Pictures with short captions
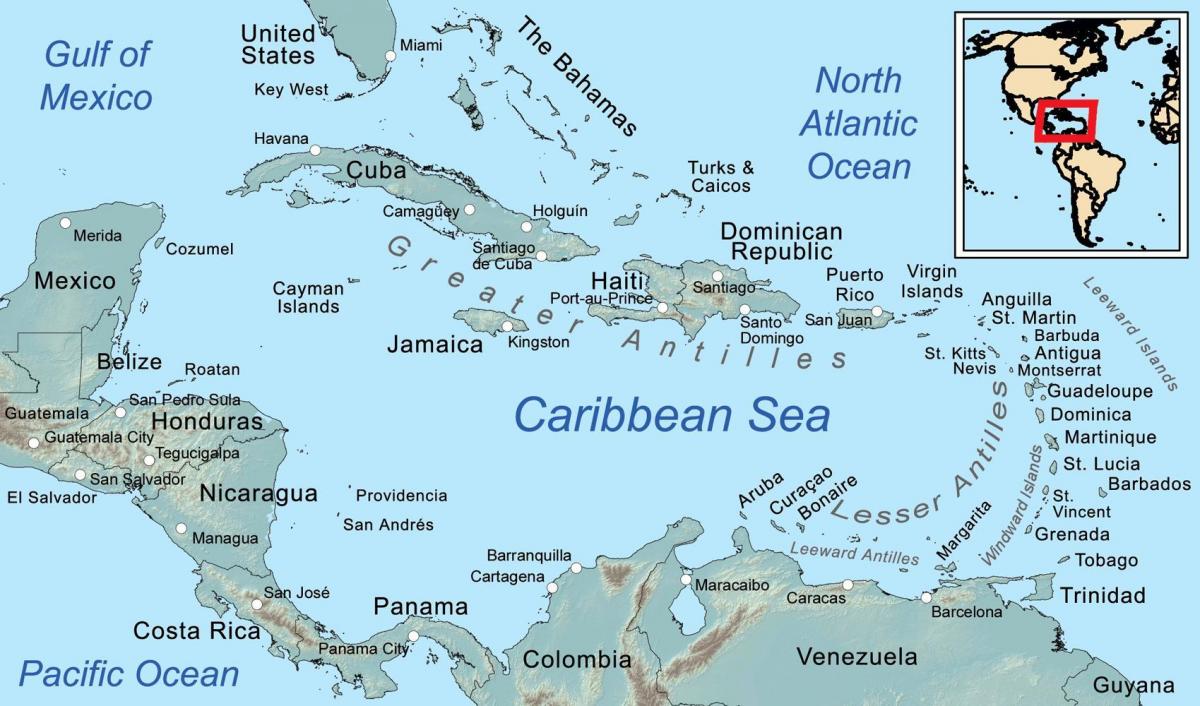 harta e Belize dhe përreth ishujve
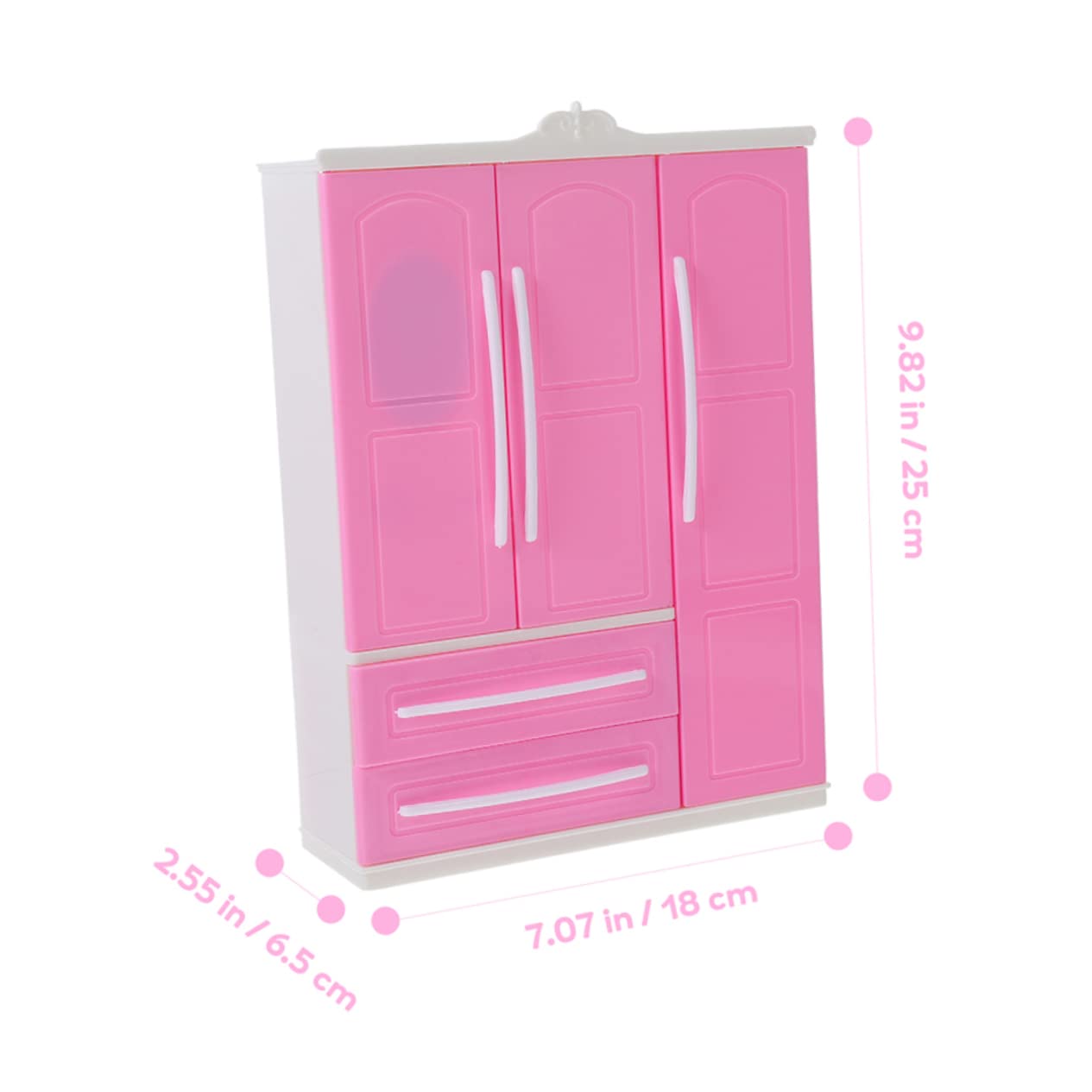 Toddmomy Three-Sided Storage Wardrobe for Dolls Doll Closet Furniture Wardrobe Set Mini Hangers Organizer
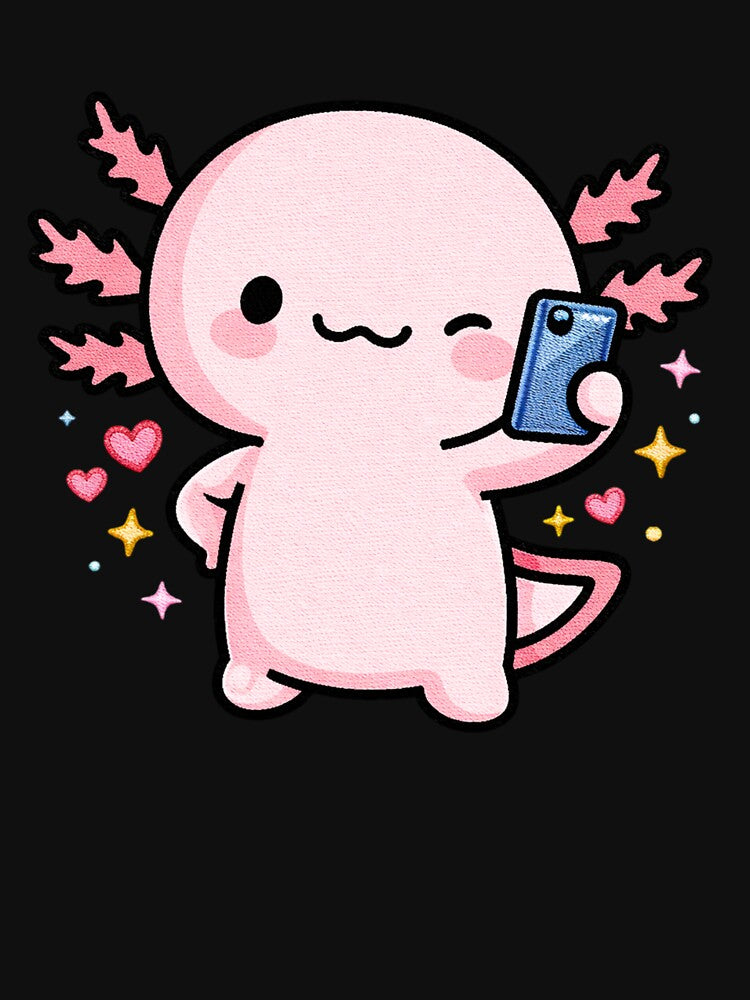 Selfie Axolotl – Cute Kawaii Axolotl Taking Selfie Embroidery Style by ColorSplash123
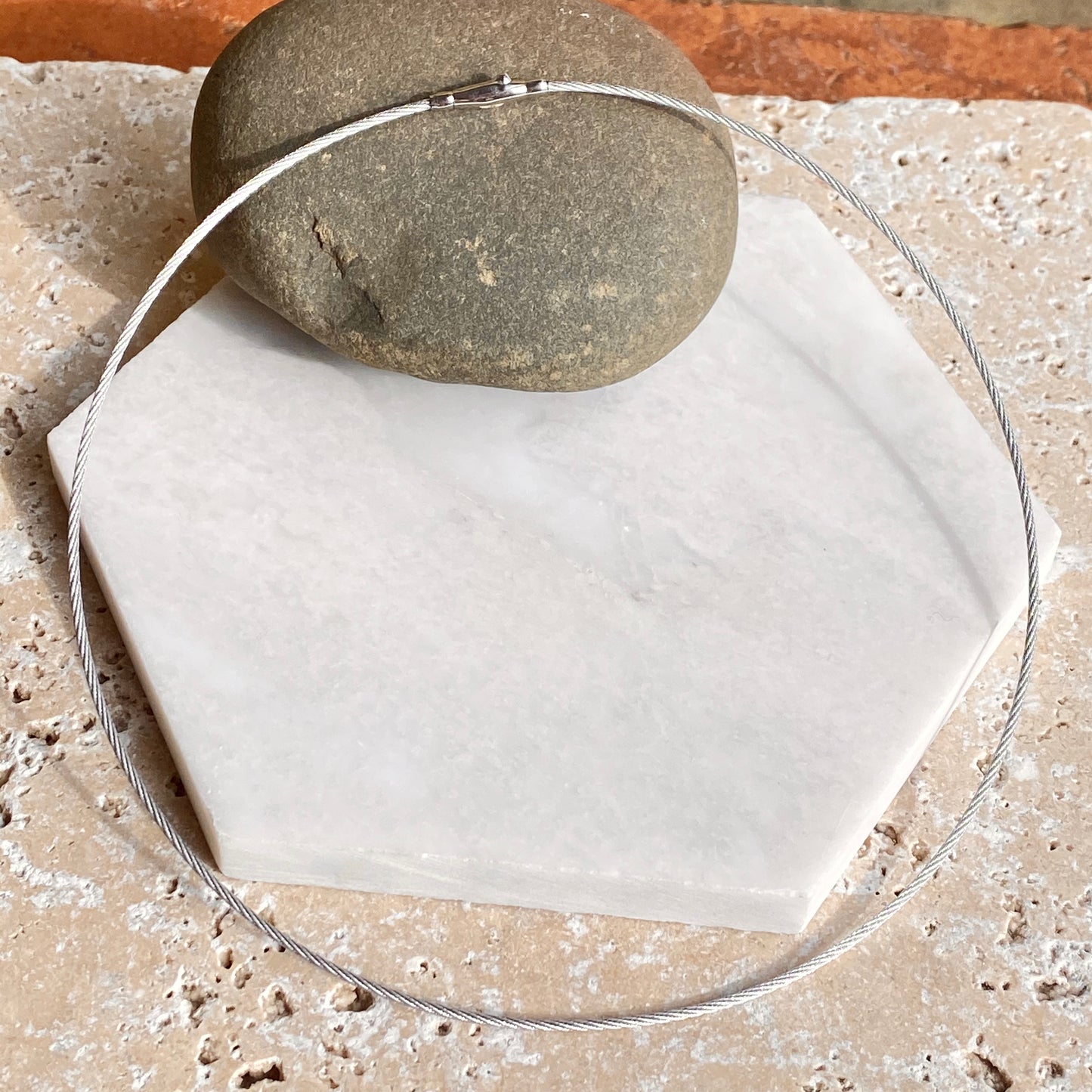 14KT White Gold Thin Mesh Cable Twist Neck Wire Necklace 1.5mm, 14KT White Gold Thin Mesh Cable Twist Neck Wire Necklace 1.5mm - Legacy Saint Jewelry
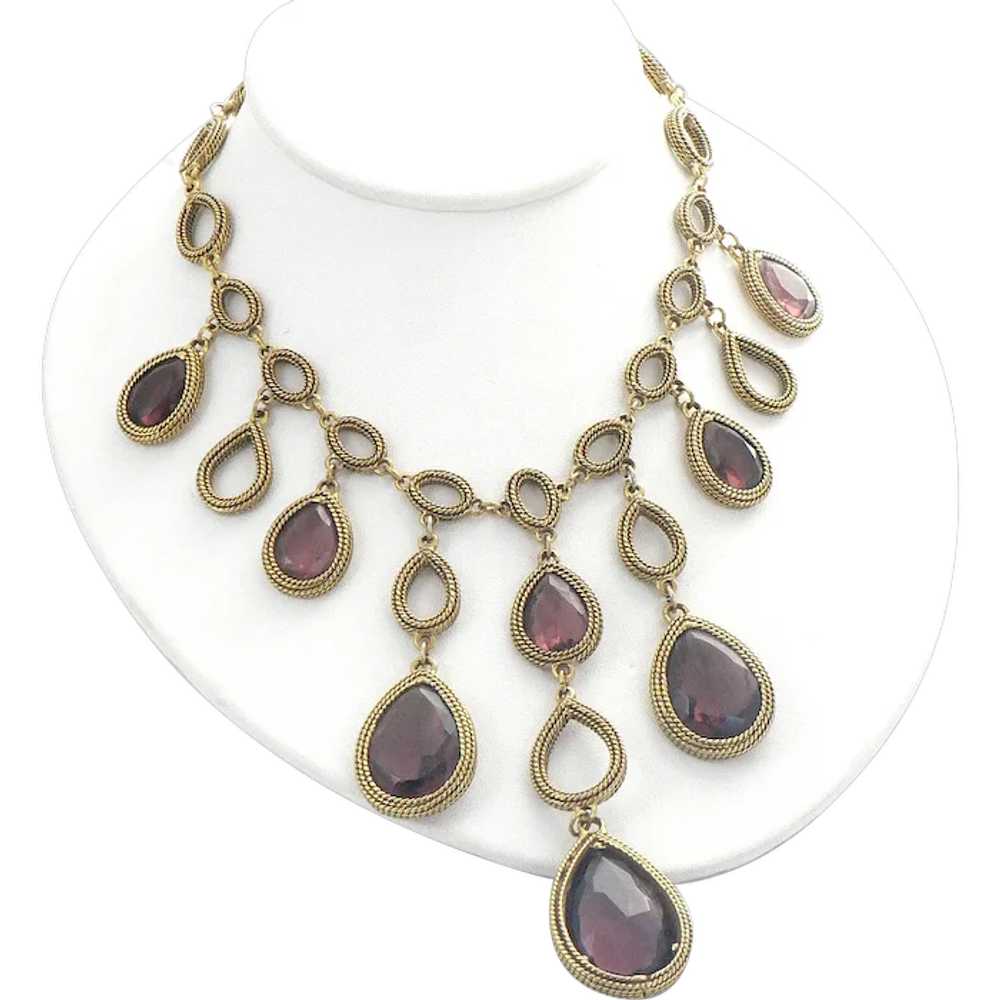 Goldette Amethyst Glass Gold Tone Teardrop Bib Ne… - image 1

* **WORK REQUEST**
Set down, word for word, only the lines running from the line with "Toddmomy Three-Sided Storage" through the final line of the entries above, omitting all pictures.

* **RESPONSE**
 Toddmomy Three-Sided Storage Wardrobe for Dolls Doll Closet Furniture Wardrobe Set Mini Hangers Organizer
 Selfie Axolotl – Cute Kawaii Axolotl Taking Selfie Embroidery Style by ColorSplash123
 14KT White Gold Thin Mesh Cable Twist Neck Wire Necklace 1.5mm, 14KT White Gold Thin Mesh Cable Twist Neck Wire Necklace 1.5mm - Legacy Saint Jewelry
 Goldette Amethyst Glass Gold Tone Teardrop Bib Ne… - image 1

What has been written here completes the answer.